Find the line containing "Casa T6 em Metz, France N.º 87267 21" in the listing below. Repeat it exactly, along with each following line up to and including the one containing "New 2024 Ram".

Material supplied:
+++
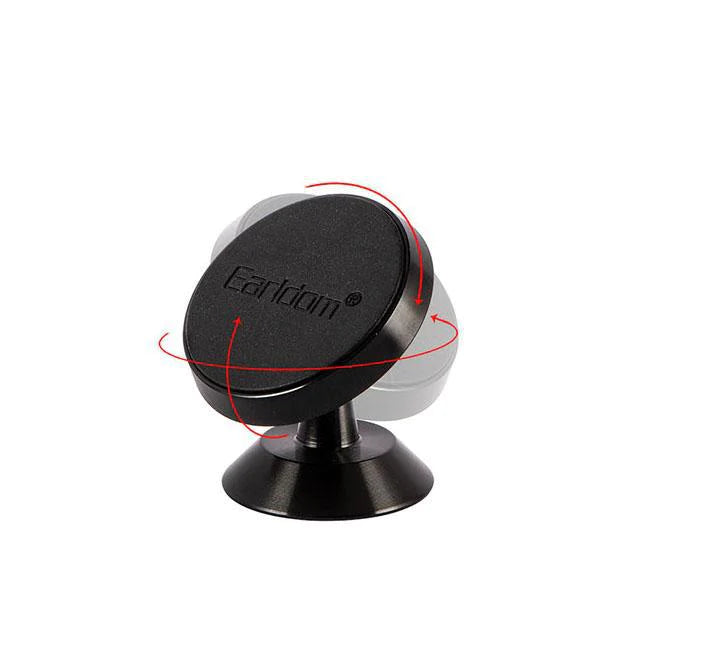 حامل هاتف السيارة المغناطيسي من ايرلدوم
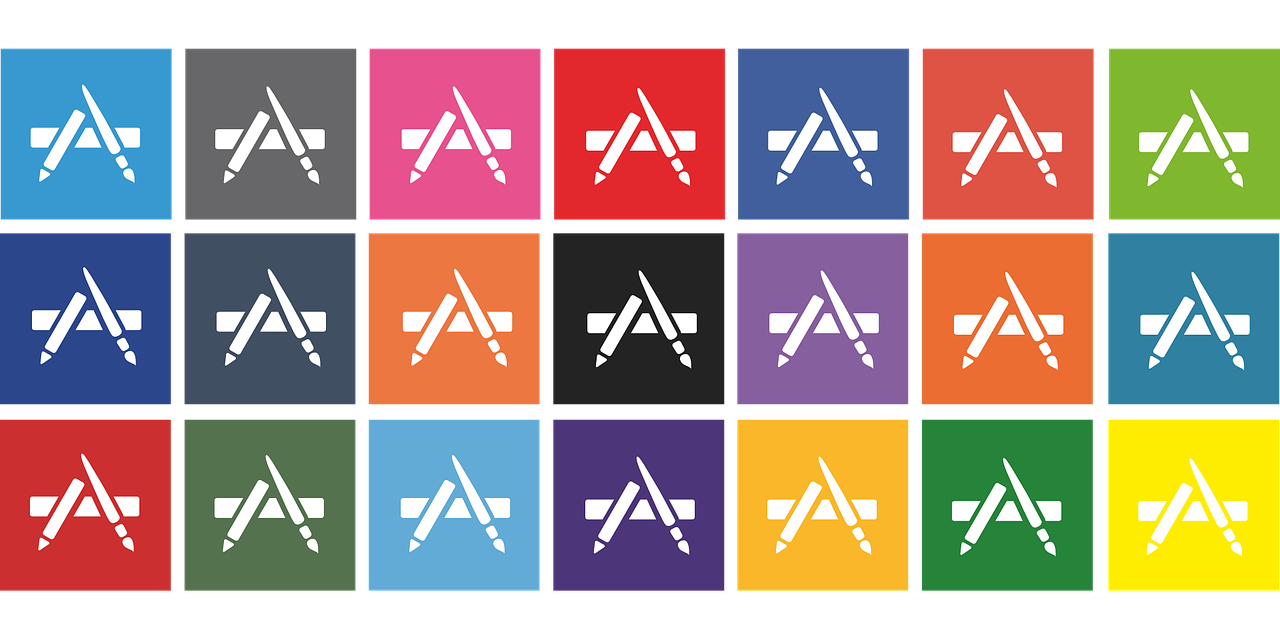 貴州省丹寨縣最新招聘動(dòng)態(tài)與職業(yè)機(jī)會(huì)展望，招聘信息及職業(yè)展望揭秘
+++
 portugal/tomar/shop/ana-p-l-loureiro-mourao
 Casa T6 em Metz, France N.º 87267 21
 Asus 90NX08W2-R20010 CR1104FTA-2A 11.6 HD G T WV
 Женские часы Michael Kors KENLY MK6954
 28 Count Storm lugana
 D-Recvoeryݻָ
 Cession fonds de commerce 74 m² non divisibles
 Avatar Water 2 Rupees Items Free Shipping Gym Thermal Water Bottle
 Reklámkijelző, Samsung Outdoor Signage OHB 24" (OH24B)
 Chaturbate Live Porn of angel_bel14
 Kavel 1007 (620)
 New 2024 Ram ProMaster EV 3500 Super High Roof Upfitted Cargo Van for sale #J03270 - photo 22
+++
Solution to this task:
 Casa T6 em Metz, France N.º 87267 21
 Asus 90NX08W2-R20010 CR1104FTA-2A 11.6 HD G T WV
 Женские часы Michael Kors KENLY MK6954
 28 Count Storm lugana
 D-Recvoeryݻָ
 Cession fonds de commerce 74 m² non divisibles
 Avatar Water 2 Rupees Items Free Shipping Gym Thermal Water Bottle
 Reklámkijelző, Samsung Outdoor Signage OHB 24" (OH24B)
 Chaturbate Live Porn of angel_bel14
 Kavel 1007 (620)
 New 2024 Ram ProMaster EV 3500 Super High Roof Upfitted Cargo Van for sale #J03270 - photo 22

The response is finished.